- Portrayed by: Eileen Mayers
- Duration: 1961–1963, 1966, 1969, 1974
- First appearance: Episode 8 4 January 1961
- Last appearance: Episode 1431 2 October 1974
- Created by: Tony Warren
- Introduced by: Tony Warren (1961) H.V. Kershaw (1962, 1969) Peter Eckersley (1966) Susi Hush (1974)

= Sheila Birtles =

Fictional character from Coronation Street

Sheila Birtles (also Crossley) is a fictional character from the British ITV soap opera Coronation Street. She was portrayed by actress Eileen Mayers. The character is known for her "controversial" suicide plot which was ultimately axed.

==Casting==
Mayers left the series in 1963 and was asked to return for two episodes in 1969. In 1974, the actress returned to filming for another stint as Sheila.

==Storylines==
Through his many faults, Sheila falls hard for Neil Crossley (Geoffrey Matthews), so much so, that she does not see how badly he treated her. Neil only thinks of Sheila as a bit of fun, and after he stands her up on a date, she confronts him. Angered, Neil hits Sheila and leaves, leaving her devastated and she sinks into a deep depression. She pushes her friends away, and loses her job for not turning up. After she and Neil meet again, and he tells her in no uncertain terms that they are over, Sheila attempts suicide, but is found by Dennis Tanner (Philip Lowrie). On the doctor's recommendation, Sheila leaves Weatherfield, and moves in with her parents. Whilst there, Sheila discovers she is pregnant and gives birth to a baby boy in 1964, who she names Danny, before giving him up for adoption.

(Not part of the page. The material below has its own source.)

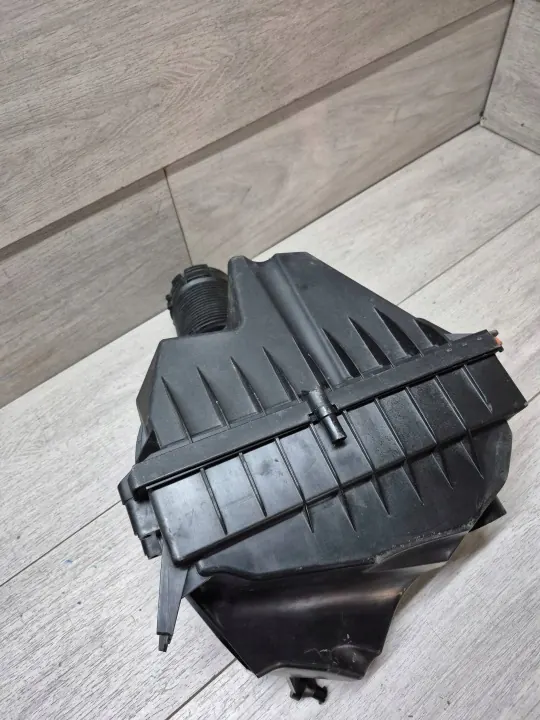Ilmansuodatin Kotelo OEM M8E2-9H708-BE Range Rover Sportille image 3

In 1966, Sheila is set up on a blind date by a friend, and is shocked to find her date is Jerry Booth (Graham Haberfield), who she went on an unsuccessful date with years ago. Sheila and Jerry reconnect, and Sheila returns to Weatherfield and moves in with Elsie Tanner (Pat Phoenix), securing a job at the new factory. Sheila and Jerry quickly fall in love, and intend to marry, but when Sheila bumps into Neil later that year, her feelings for him come rushing back, and Neil proposes. Jerry is heartbroken when Sheila leaves with Neil.

==Reception==
After learning that Sheila's character was to commit suicide in 1963, the public was outraged. Instead, it was re-written and viewers saw the character take pills before the screen faded to black. Actress Eileen Mayers has claimed that "It was disappointing, it was good and it wasn't shown", referring to the suicide scenes. However, in 2011, the scenes were shown in the documentary The Corrie Years. Upon the announcement that the scenes were to air 50 years later, a Coronation Street insider told the Daily Mirror that "At the time it was deemed too controversial. But compared to what goes on in soaps these days, I don't think the scene will be very shocking." The character's suicide plot has been compared to that of Natasha Blakeman's in 2010 in the soap.